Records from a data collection
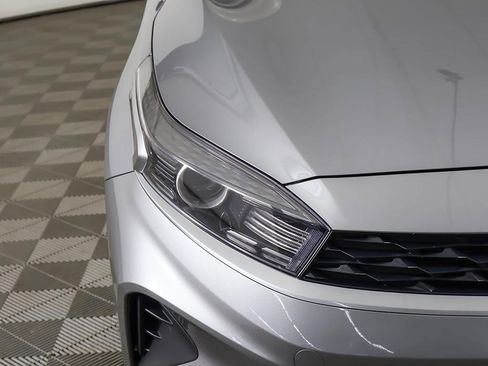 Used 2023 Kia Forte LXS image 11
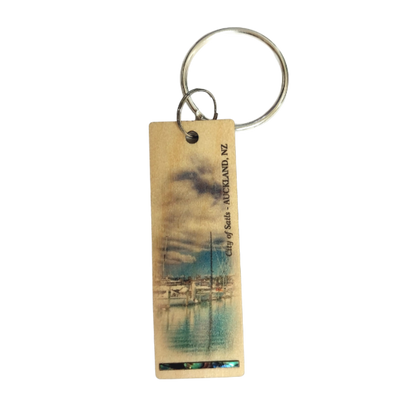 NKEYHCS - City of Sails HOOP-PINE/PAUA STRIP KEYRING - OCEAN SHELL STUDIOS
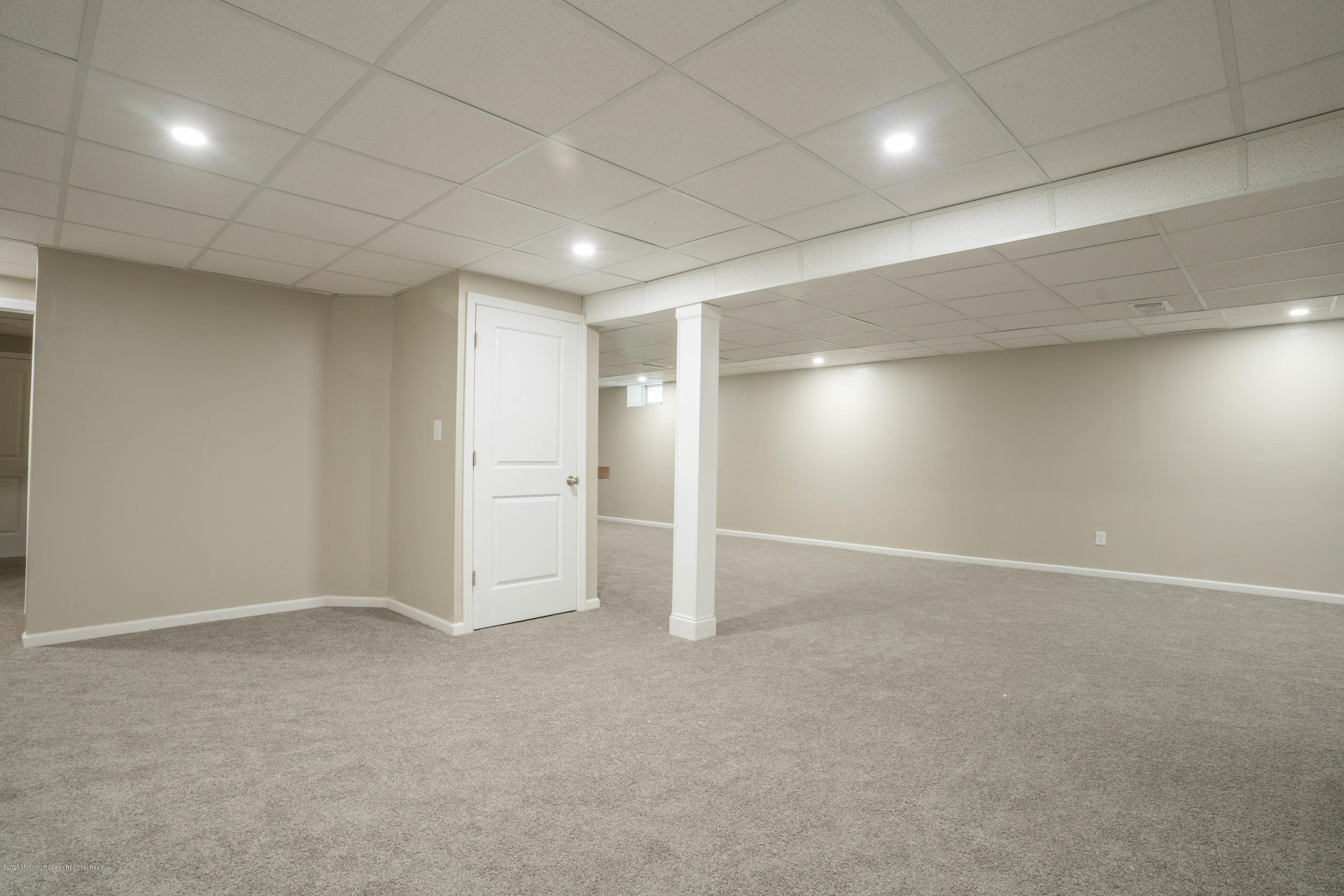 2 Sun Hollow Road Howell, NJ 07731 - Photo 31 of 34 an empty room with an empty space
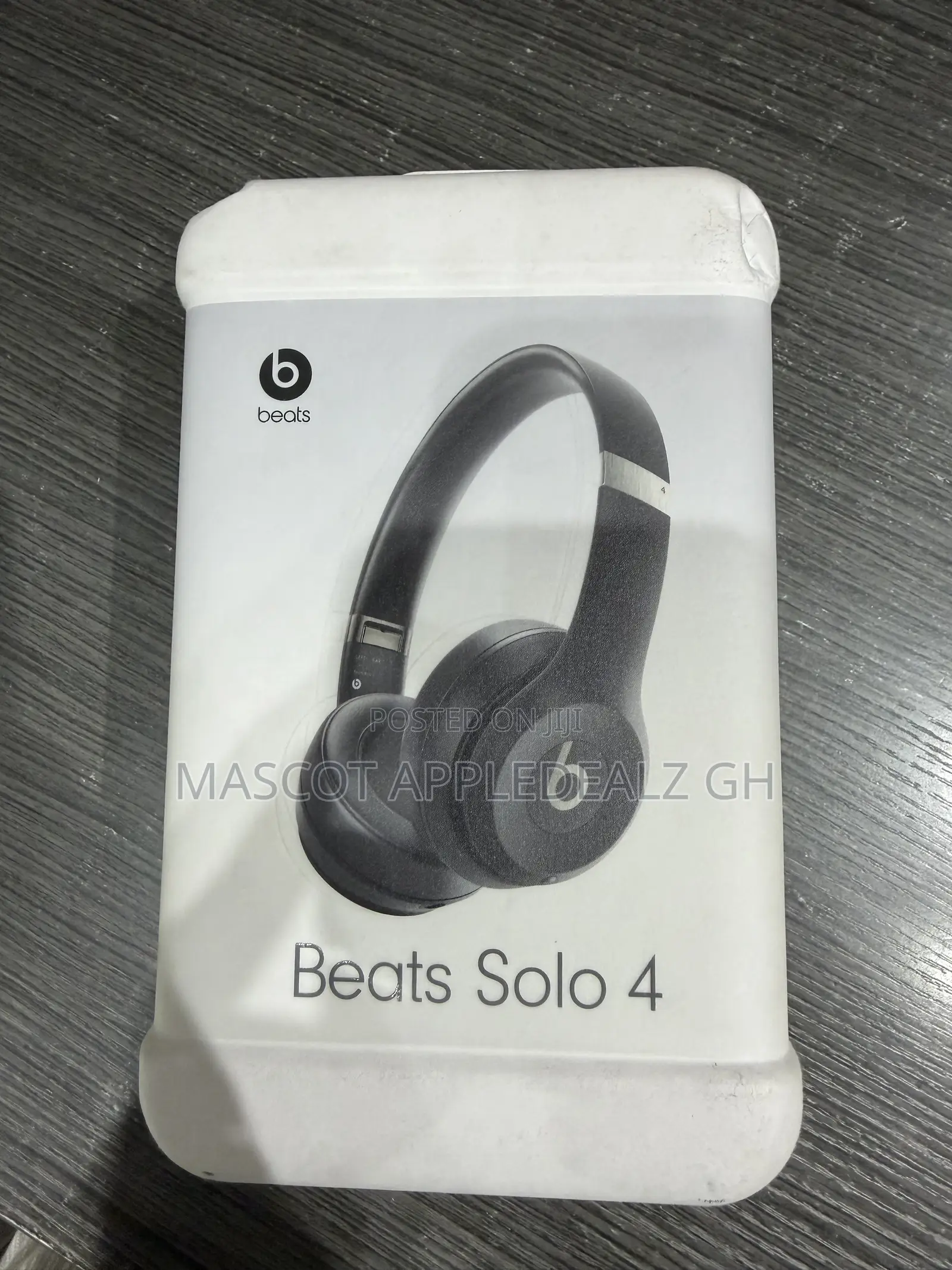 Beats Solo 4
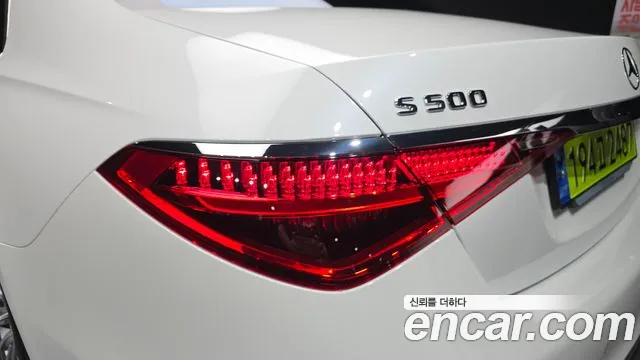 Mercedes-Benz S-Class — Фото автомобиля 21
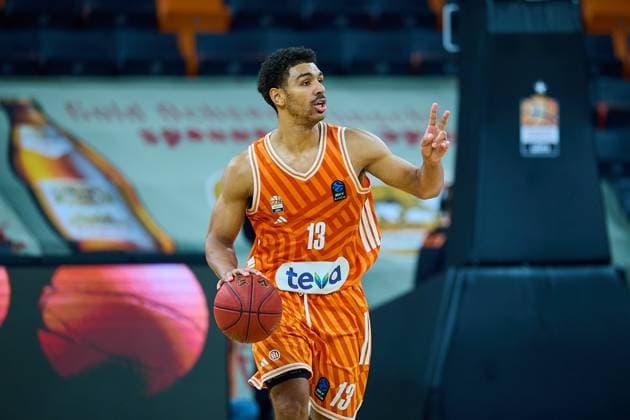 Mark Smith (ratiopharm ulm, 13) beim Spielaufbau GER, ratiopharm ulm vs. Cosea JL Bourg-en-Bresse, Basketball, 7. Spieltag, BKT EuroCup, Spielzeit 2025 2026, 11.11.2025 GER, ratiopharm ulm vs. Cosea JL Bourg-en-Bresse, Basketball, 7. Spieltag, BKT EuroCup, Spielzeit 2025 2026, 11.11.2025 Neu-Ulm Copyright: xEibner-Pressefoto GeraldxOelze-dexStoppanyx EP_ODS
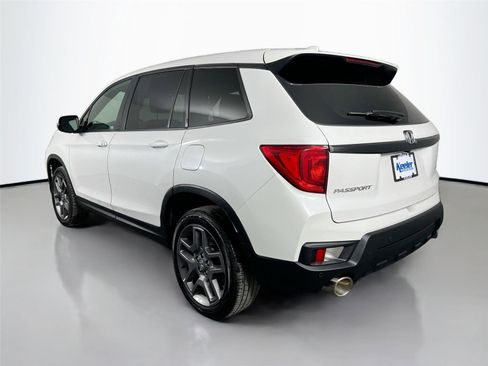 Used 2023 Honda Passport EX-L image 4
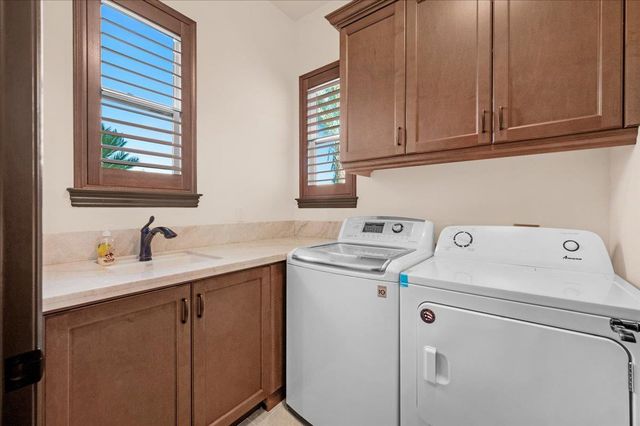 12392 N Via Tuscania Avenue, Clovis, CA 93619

= TASK TO COMPLETE =
Return verbatim every line from the one holding "Mark Smith (ratiopharm" to the end of the records above. Do not copy the pictures.

= OUTPUT BELOW =
 Mark Smith (ratiopharm ulm, 13) beim Spielaufbau GER, ratiopharm ulm vs. Cosea JL Bourg-en-Bresse, Basketball, 7. Spieltag, BKT EuroCup, Spielzeit 2025 2026, 11.11.2025 GER, ratiopharm ulm vs. Cosea JL Bourg-en-Bresse, Basketball, 7. Spieltag, BKT EuroCup, Spielzeit 2025 2026, 11.11.2025 Neu-Ulm Copyright: xEibner-Pressefoto GeraldxOelze-dexStoppanyx EP_ODS
 Used 2023 Honda Passport EX-L image 4
 12392 N Via Tuscania Avenue, Clovis, CA 93619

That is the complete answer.